Cherries, gold rams, most rummys, 2 of the roseline sharks (ouch), reticulated hillstream loach died.

That was a very hectic/difficult month. I wanted to quit, but I decided I couldn't just let the survivors be. 

Here is the current tank.

75 gallon tank
2x 110 AquaClear 110 with sponge on intake. 
1 Stealth Heater (it isn't enough so I will probably purchase another one.
1 2x54 watt T5HO Nova Extreme for 10 hours a day
Black gravel + black tahitian moon sand with bits of red gravel distributed.

Plants:
1 Laced Java Fern
1 Java Fern
1 Anubias Nanas
1 Hedge Plant
1 Wisteria
1 Water Sprite
1 ... I forgot what it was called
2 Amazon Swords
Some bits of Java Moss

I intend to add more water sprite and some other floating plants to the mix.
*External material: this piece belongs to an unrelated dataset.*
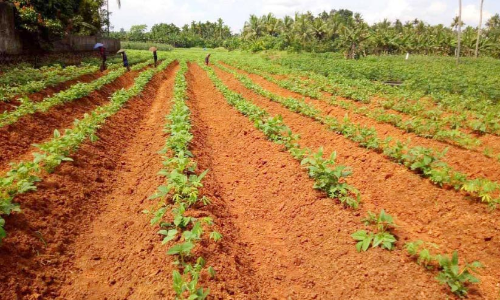 പ്രതീക്ഷ കൈവിടാതെ കോട്ടാറ്റ് പച്ചക്കറി കർഷകർ പ്രതീക്ഷ കൈവിടാതെ കോട്ടാറ്റ് പച്ചക്കറി കർഷകർ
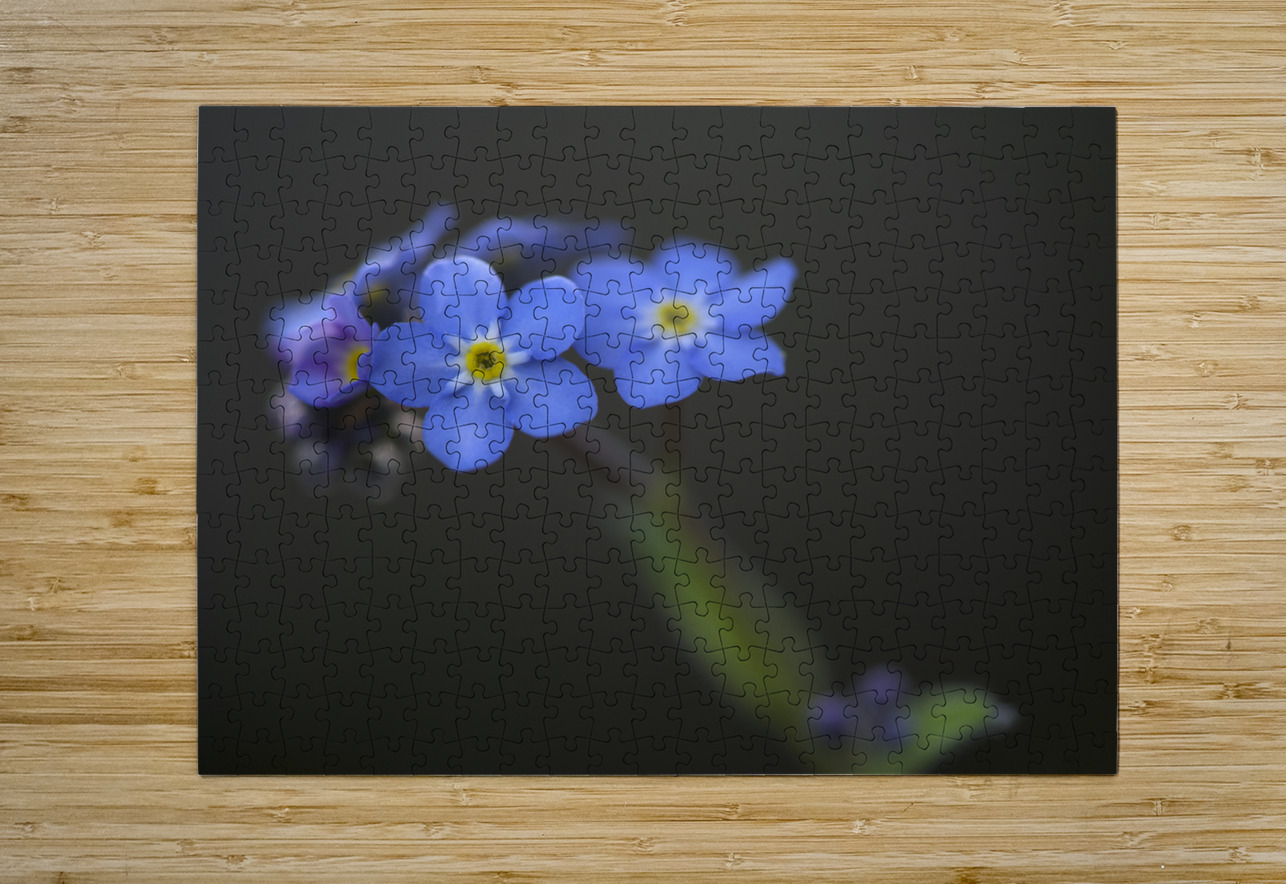 Pretty in Blue Suzanne Bonin Puzzle printing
Decor: 2 Large fake driftwood, 2 caves

Fish:
1 Roseline (survivor) 
3 Syno Petricolas
3 Otos 
8 Celestial Pearl Danios
6 Furcata Rainbows
5 Rummynose Tetras
1 Habrosus Cory
1 Pygmy Cory

For some reason, the Habrosus and the Pygmy Corys have been a bit difficult to take care of, their "friends" died off for unexplained reasons. I thought they were relatively hardy but I guess not. 

I intend to add the following to the mix

1 Reticulated Hillstream Loach
2 Gold Rams
2 Blue Rams
2 Roseline Sharks
3-4 Habrosus and/or Pygmy depending on which one of the survivors seems to be doing best.

I was expecting the furcata rainbows would illuminate the upper region of the tank as resources suggested it would, but they seem to occupy the middle region (which I was expecting the roseline/rummynose/celestials would occupy), so I may also consider some other upper dwelling fish, though I'm not familiar with any other than the cliche zebra danios/glofish. I was also contemplating that the furcata's may not like dwelling on the top because of the strong lighting with no real cover so I was going to get some floating plants to provide better cover.

They are all quite small fish with the exception of the Roselines (growing to 5 or 6 inches, which is still pretty small) so I don't really feel that I'm overstocking the tank.

I also have a bit of an algae problem, but that was probably due to the fact that I had my lights on for 10-12 hours. I thought it was necessary because that is the only source of food they seem to eat, they've never once tried any supplemental foods (zucchini and algae wafers). Any ideas on how to get them to eat something else so that I don't have to worry so much about the dirty glass?

Any suggestions or comments are appreciated. Let me know what you think I could add/change to make the tank better.


----------



## NativeKeeper (Jun 12, 2010)

*I agree with WhiteDevil on the aquaclears, ive used them for over 30 years with nothing but good to say. You have a wide variety of fish but all are pretty small so tank load shouldnt be a problem, the addition of lots of plants if you can make them thrive, is a great idea for the tank and the fish. Your choices are mostly up to you, as long as the compatability dont become an issue. You have a lot going on, just keep an eye on it and deal with each problem individually as they arise, if they do.*


----------